## WHAT TO DO
Write out the listing exactly, from its first line through the line holding "A videographer records", but include none of the pictures.

## SUPPLIED MATERIAL
------------------------------

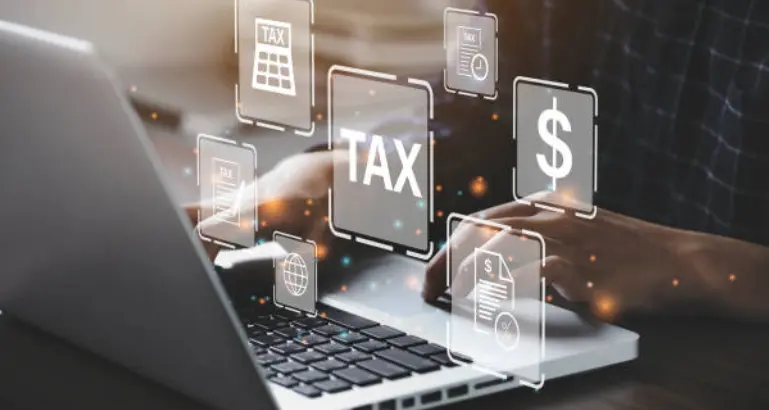 A laptop user performs a tax audit by examining financial data and timely filing taxes with global connections.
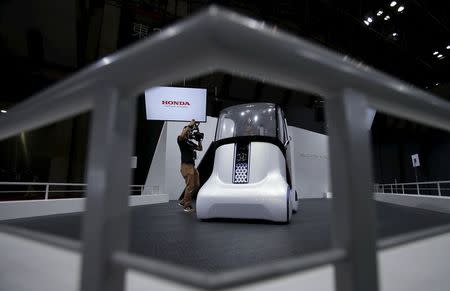 A videographer records a video of Honda Motor Co's personal mobility concept self-driving car "Wander Stand" at the 44th Tokyo Motor Show in Tokyo, Japan, October 28, 2015. REUTERS/Yuya Shino/Files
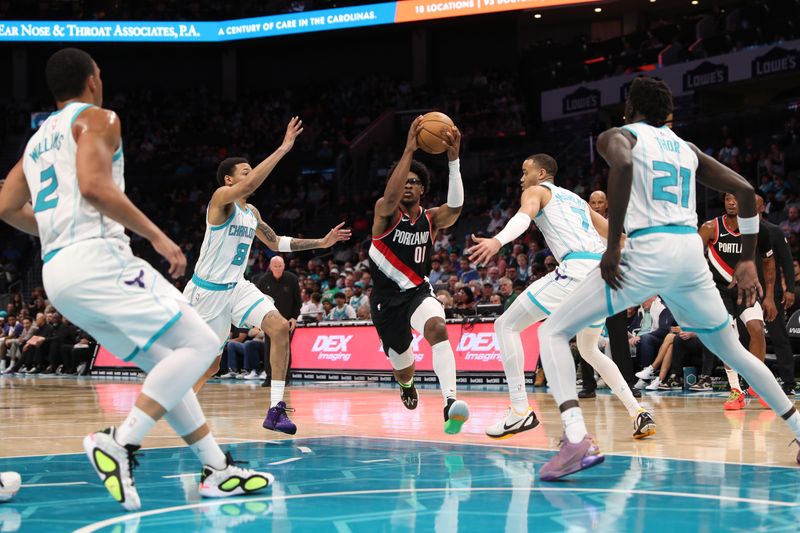 CHARLOTTE, NC - APRIL 3:  Scoot Henderson #00 of the Portland Trail Blazers drives to the basket during the game against the Charlotte Hornets on April 3, 2024 at Spectrum Center in Charlotte, North Carolina. NOTE TO USER: User expressly acknowledges and agrees that, by downloading and or using this photograph, User is consenting to the terms and conditions of the Getty Images License Agreement.  Mandatory Copyright Notice:  Copyright 2024 NBAE (Photo by Brock Williams-Smith/NBAE via Getty Images)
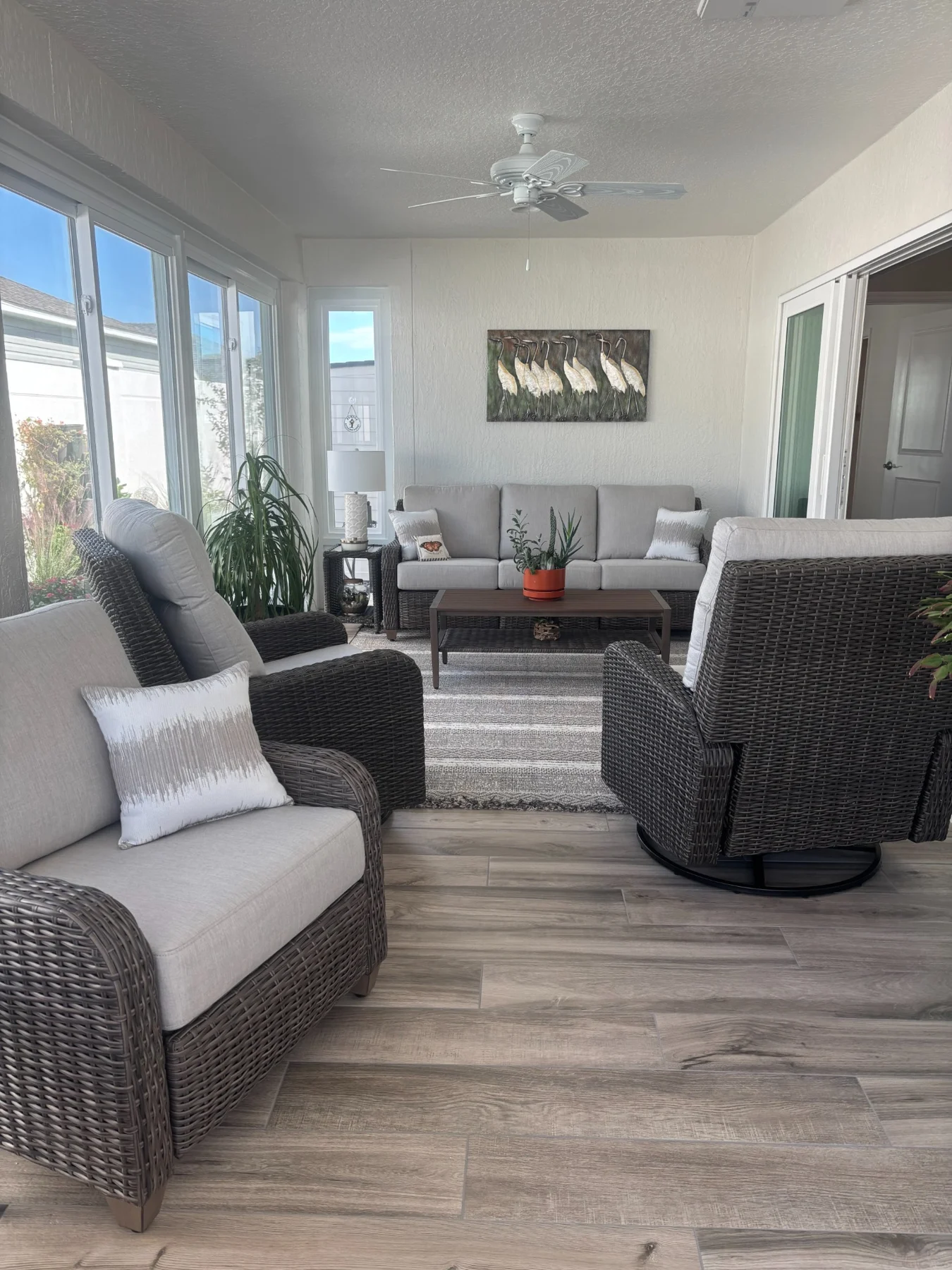 Enclosed lanai with woven lounge chairs, soft neutral cushions, and a seating area beside tall windows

------------------------------

## FINISHED TASK
 A laptop user performs a tax audit by examining financial data and timely filing taxes with global connections.
 A videographer records a video of Honda Motor Co's personal mobility concept self-driving car "Wander Stand" at the 44th Tokyo Motor Show in Tokyo, Japan, October 28, 2015. REUTERS/Yuya Shino/Files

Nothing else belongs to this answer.